Section 3 outlines the guidance the IRS plans to release:
The Treasury Department and the IRS intend to propose regulations addressing the federal income tax treatment of transfers to funds controlled by state and local governments (or other state-specified transferees) that the transferor can treat in whole or in part as satisfying state and local tax obligations. The proposed regulations will make clear that the requirements of the Internal Revenue Code, informed by substance-over-form principles, govern the federal income tax treatment of such transfers.
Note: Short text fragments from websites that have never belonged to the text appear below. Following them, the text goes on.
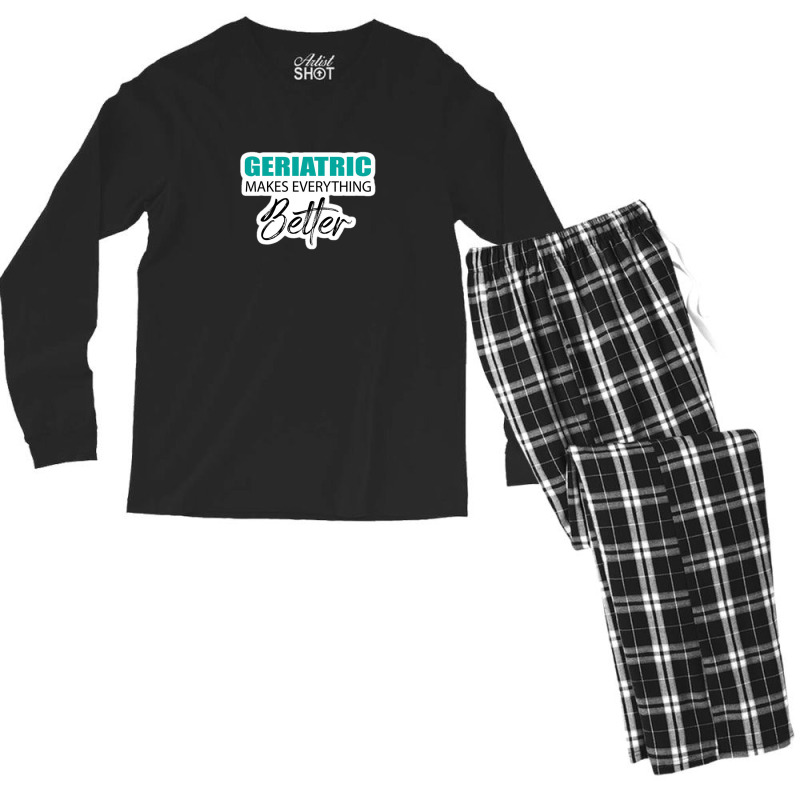 This Girl Runs On Caffeine And Drawing Cartoons Cartoonist Gift Funny Men's Long Sleeve Pajama Set | Artistshot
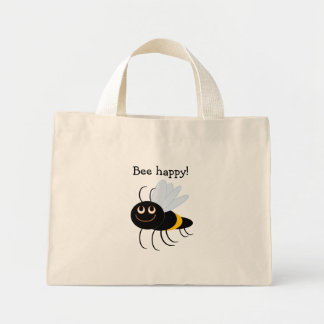 Mini Tote Bag BuzzAboutBees Bee Happy Mini-fourre-tout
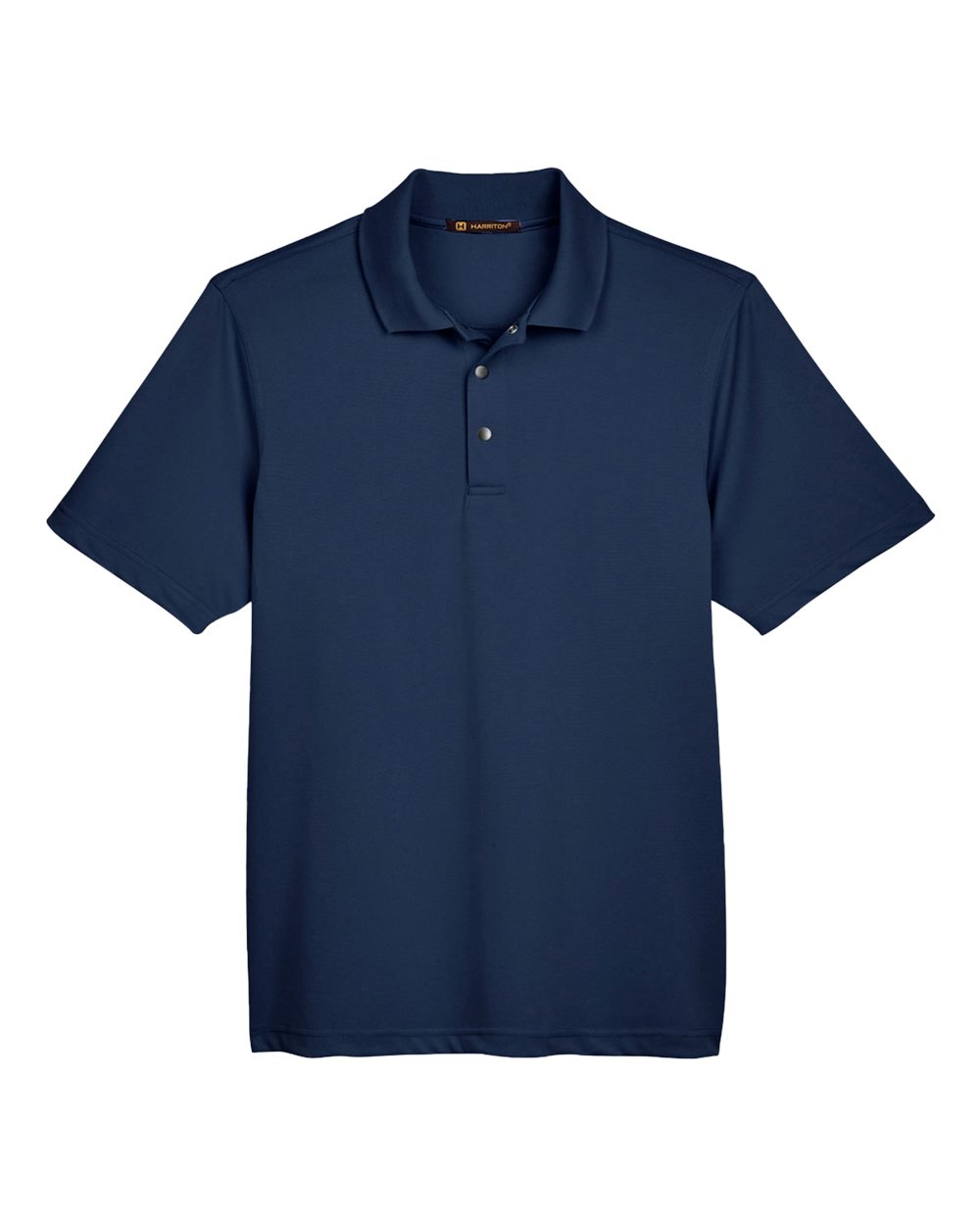 Harriton Men's Advantage Snag Protection Plus IL Snap Placket Polo. M345 - Dark Navy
The proposed regulations will assist taxpayers in understanding the relationship between the federal charitable contribution deduction and the new statutory limitation on the deduction for state and local tax payments.
The notice does not give any information on the likely timing of the release of such proposed regulations, let alone whether they will be issued in a form taxpayers may rely upon.
Most likely the ultimate decision on what does or does not work will be finally determined in litigation that will arise as taxpayers who give to programs that are deemed not charitable contributions under such regulations (very conceivably with help from the state governments in question) challenge the regulations.
But since most clients would prefer not to find themselves parts of cases discussed in this forum, it seems likely that many clients will want to await this guidance before committing to any such transfer from income taxes to charitable contribution program—and most will likely shy away from a program that is clearly on the wrong side of the eventual regulations.
A related concern may impact taxpayers in states other than those have adopted SALT workarounds. About two-thirds of states have at least one (if not more) tax credits that give 100% or a close to 100% credit against state taxes for various charitable contributions. Advisers in those states will want to pay close attention to how these regulations define “other state-specified transferees” in this context. It is at least conceivable that this guidance might rope in some pre-existing programs depending on how that definition is structured.
For now all advisers can do is advise clients about the risks, especially of donating to the charitable funds established following the passage of the Tax Cuts and Jobs Act that were clearly enacted to work around the $10,000 state and local tax limitation.